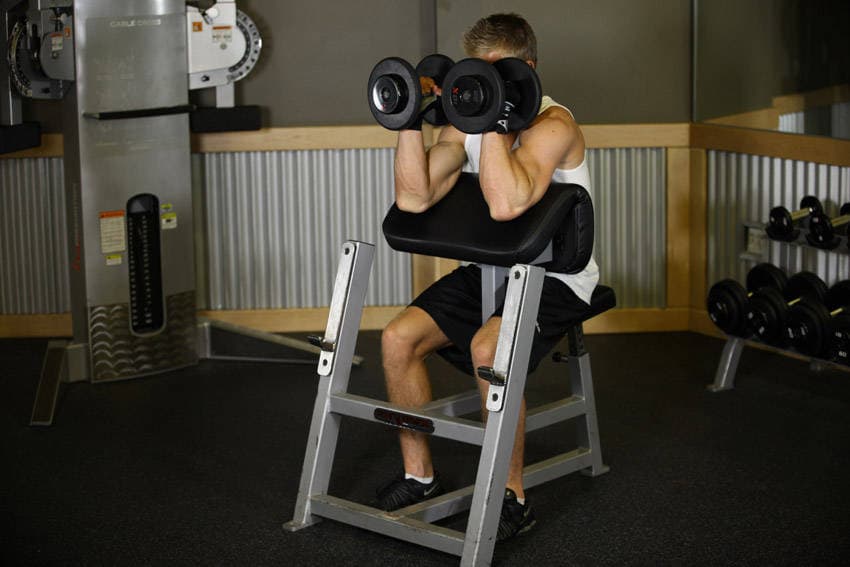 Preacher Hammer Dumbbell Curl - ending position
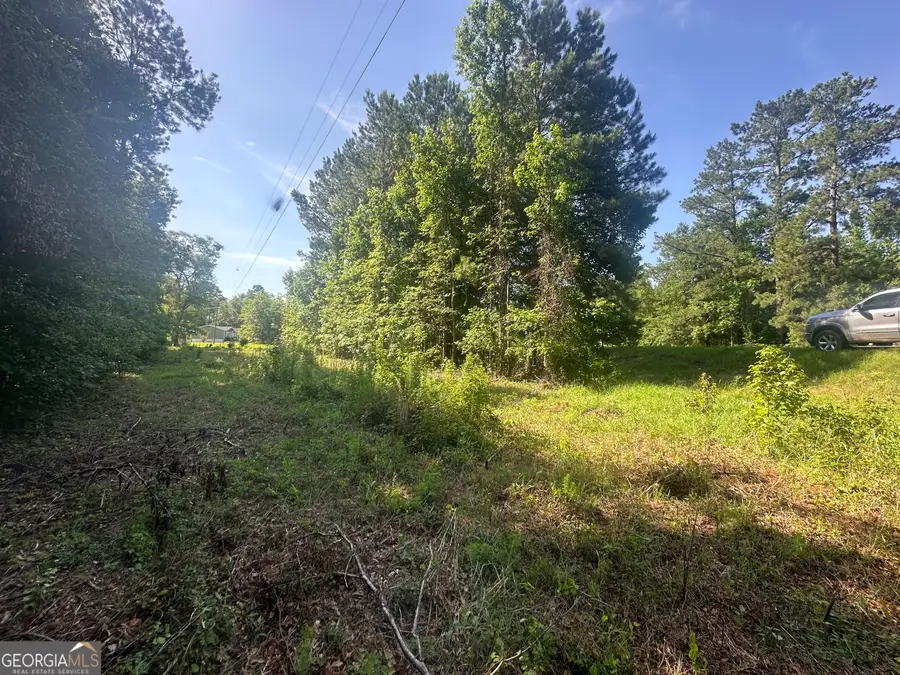 0 Waynesboro Highway, Sylvania, GA 30467 - Image #3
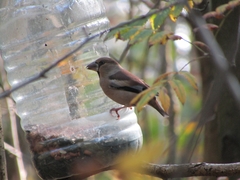 Coccothraustes coccothraustes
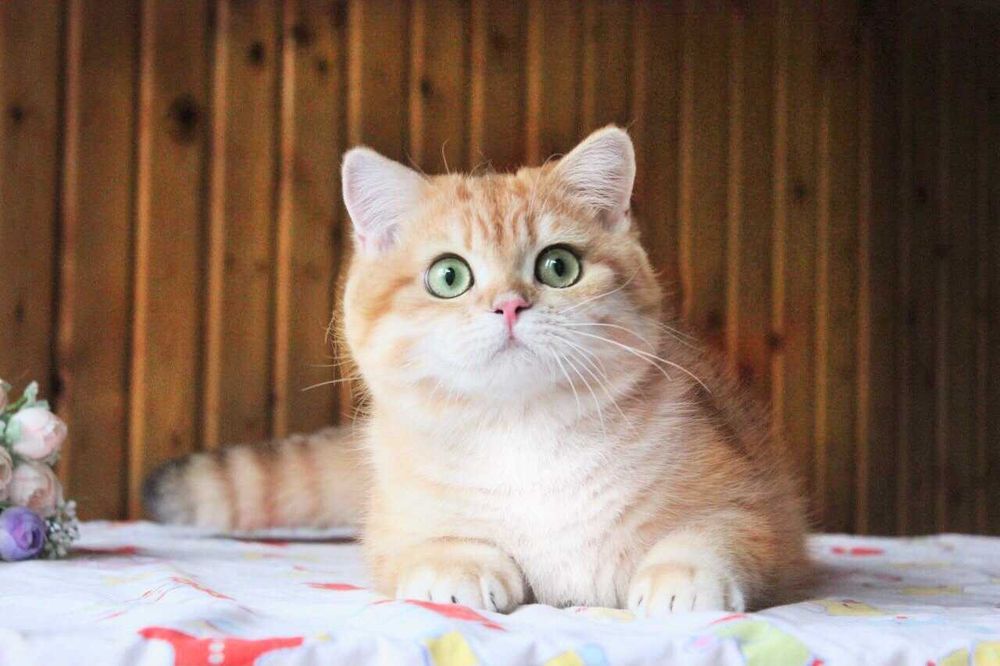 Британські котики для вас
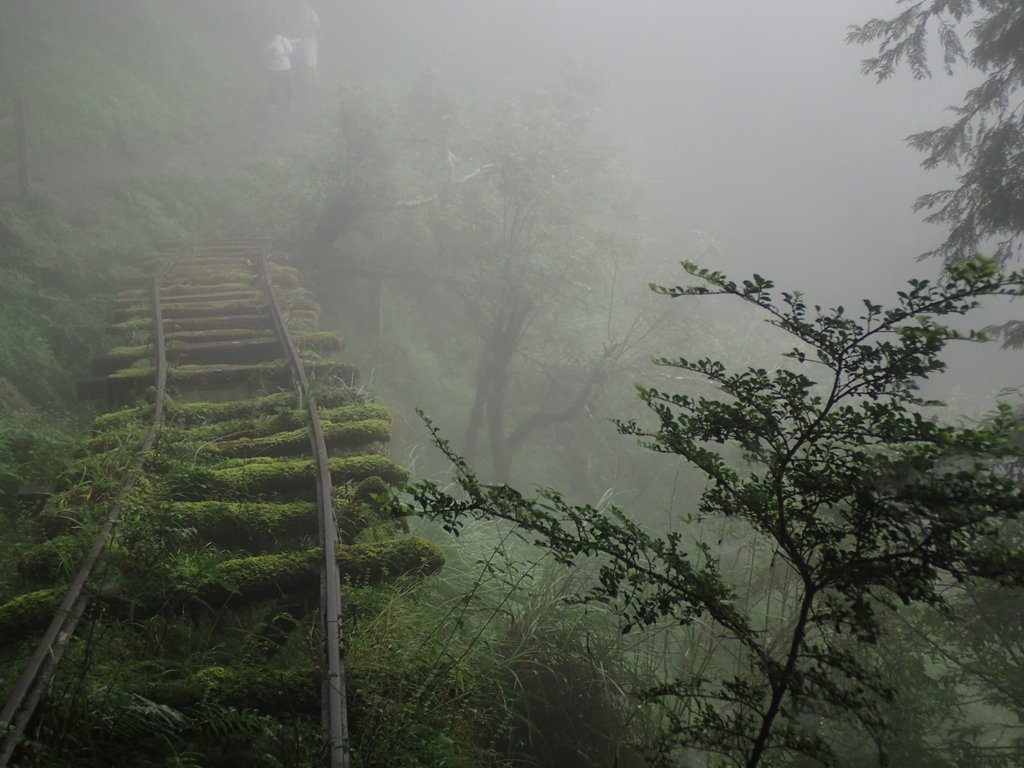 P8226808.JPG - 太平山 見晴懷古步道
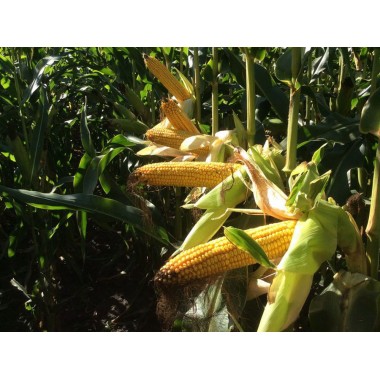 Семена кукурузы ДС1522С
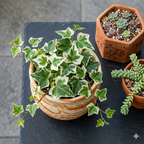 Ivy Live Plant in 4 Inch Pot - Wax Ivy | Real Wax Ivy Plant | Trailing & Climbing Easy-Care Houseplant | Live Houseplants for Home & Office Décor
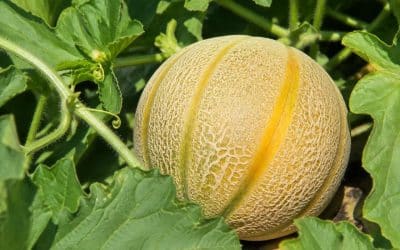 Melon : plantation, taille et entretien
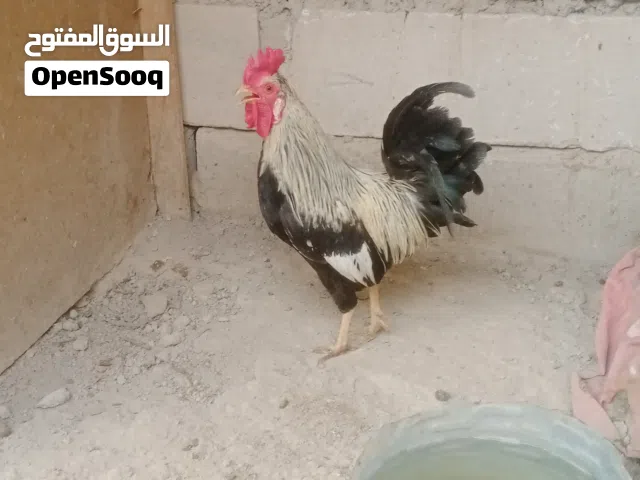 دجاج للبيع + ديك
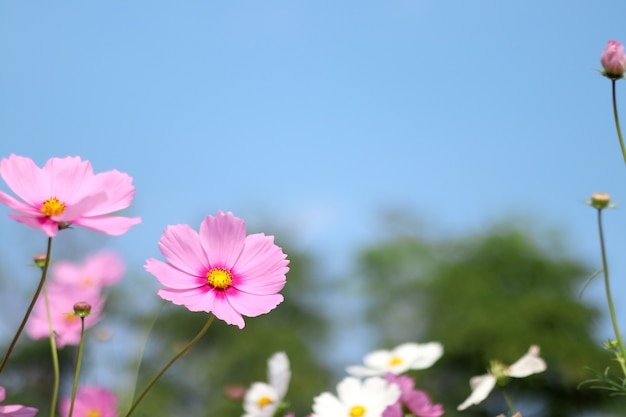 Belle fleur de cosmos qui fleurit dans le jardin avec floue.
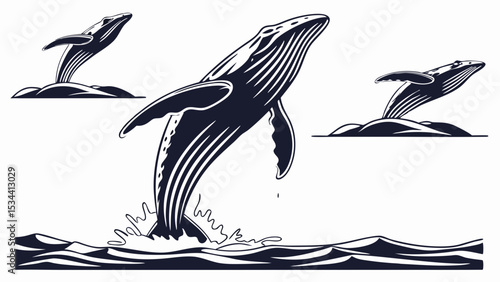 Breaching whale jumping out of ocean water Marine animal wildlife nature Black and white vintage illustration
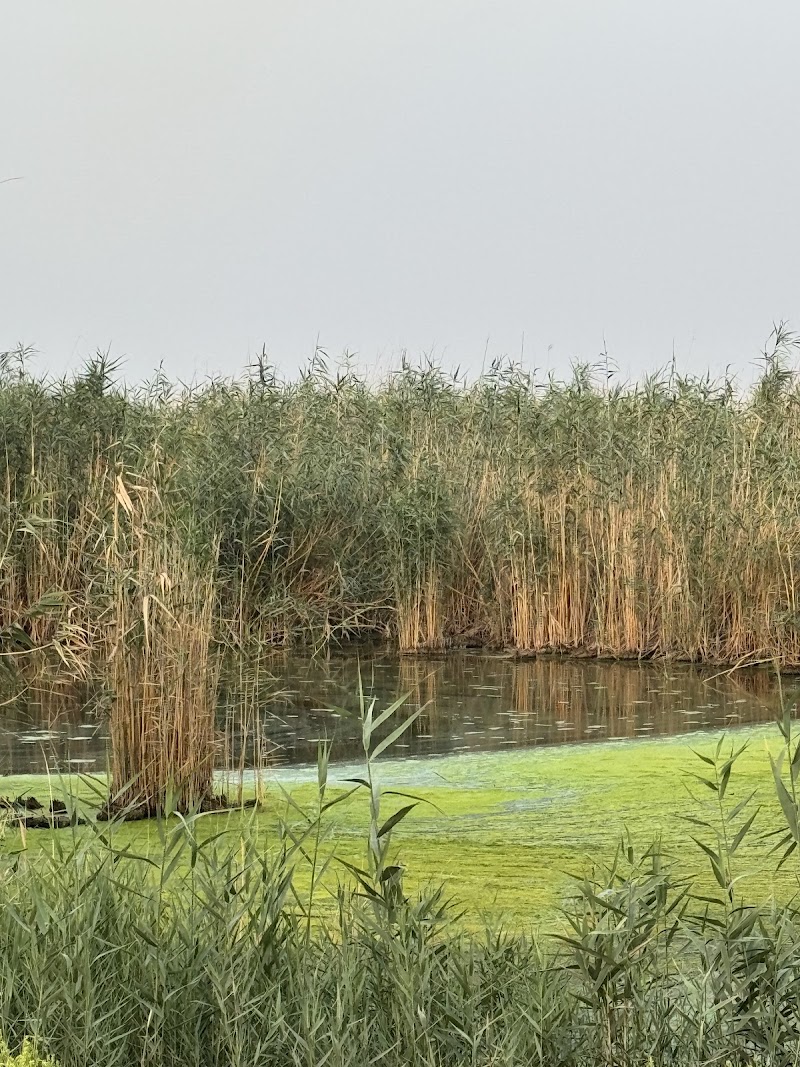 محمية الجهراء الطبيعية 2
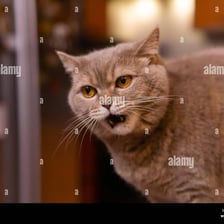 A cat with an annoyed or displeased expression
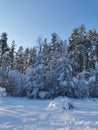 Snow-covered branches of trees and bushes, bent down under the weight of snow, on a frosty winter day Royalty Free Stock Photo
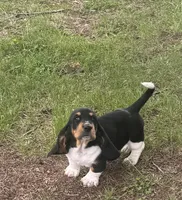 Teddy, a male Basset Hound for sale in Milo, MO – Photo 9 of 10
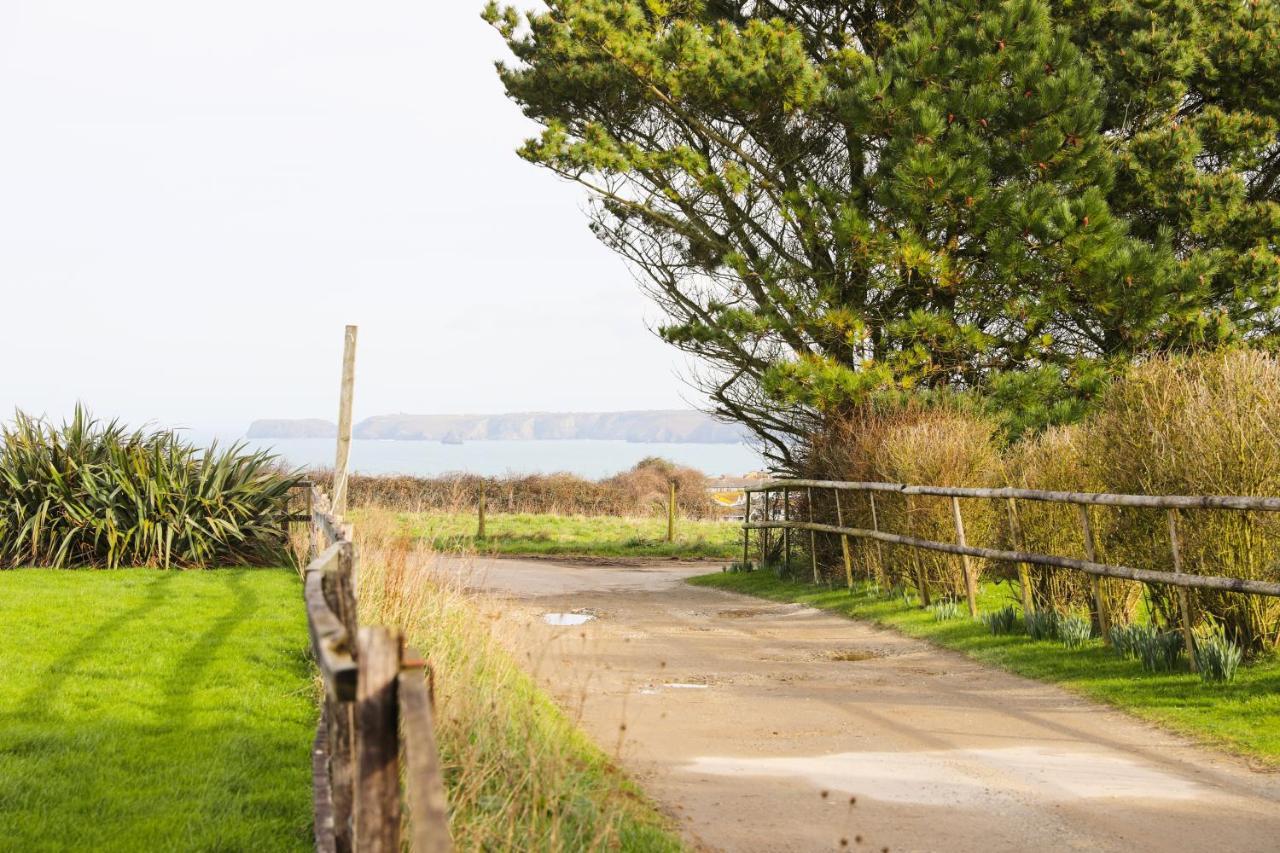 Northlight, Port Isaac Bay Holidays Ngoại thất bức ảnh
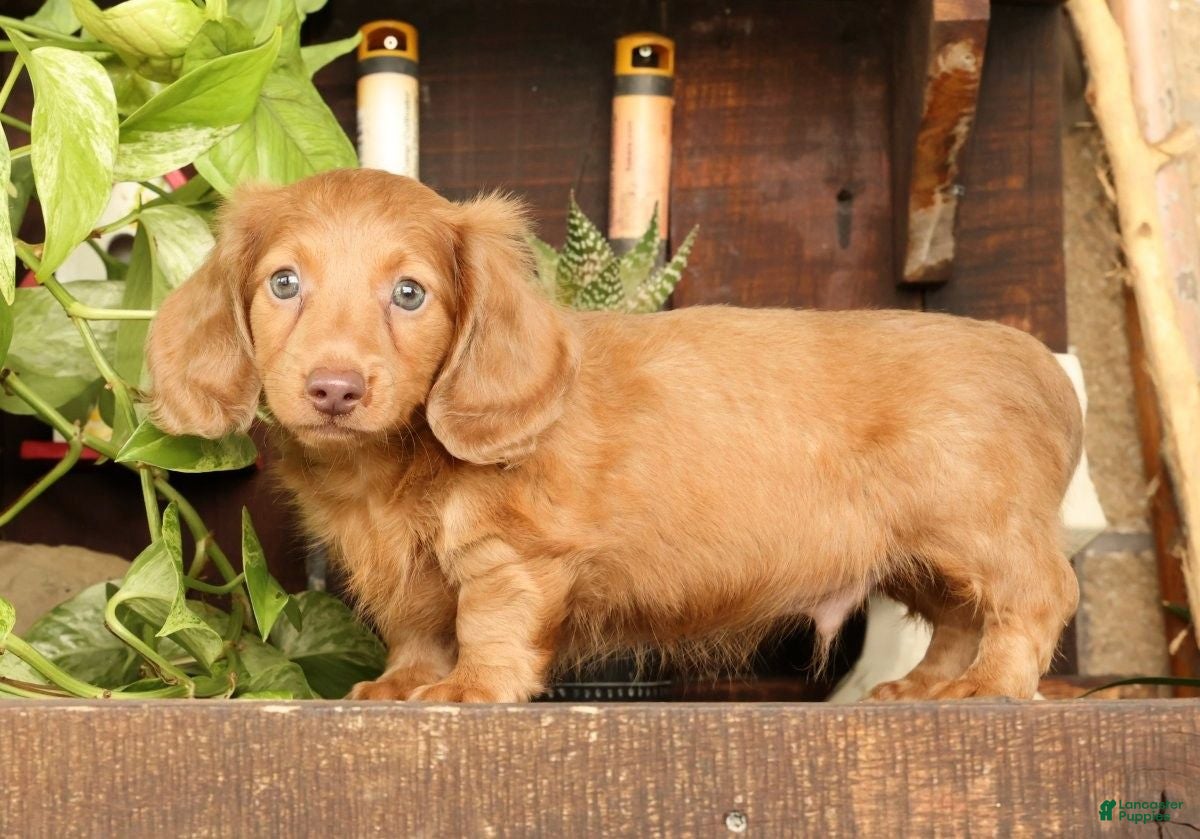Miniature Dachshund dogs for sale: Rocky - Ad 5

******

**DESCRIPTION OF THE TASK:** Write out all of the data above exactly, without any of its pictures.

**RESULT:**
 Preacher Hammer Dumbbell Curl - ending position
 0 Waynesboro Highway, Sylvania, GA 30467 - Image #3
 Coccothraustes coccothraustes
 Британські котики для вас
 P8226808.JPG - 太平山 見晴懷古步道
 Семена кукурузы ДС1522С
 Ivy Live Plant in 4 Inch Pot - Wax Ivy | Real Wax Ivy Plant | Trailing & Climbing Easy-Care Houseplant | Live Houseplants for Home & Office Décor
 Melon : plantation, taille et entretien
 دجاج للبيع + ديك
 Belle fleur de cosmos qui fleurit dans le jardin avec floue.
 Breaching whale jumping out of ocean water Marine animal wildlife nature Black and white vintage illustration
 محمية الجهراء الطبيعية 2
 A cat with an annoyed or displeased expression
 Snow-covered branches of trees and bushes, bent down under the weight of snow, on a frosty winter day Royalty Free Stock Photo
 Teddy, a male Basset Hound for sale in Milo, MO – Photo 9 of 10
 Northlight, Port Isaac Bay Holidays Ngoại thất bức ảnh
Miniature Dachshund dogs for sale: Rocky - Ad 5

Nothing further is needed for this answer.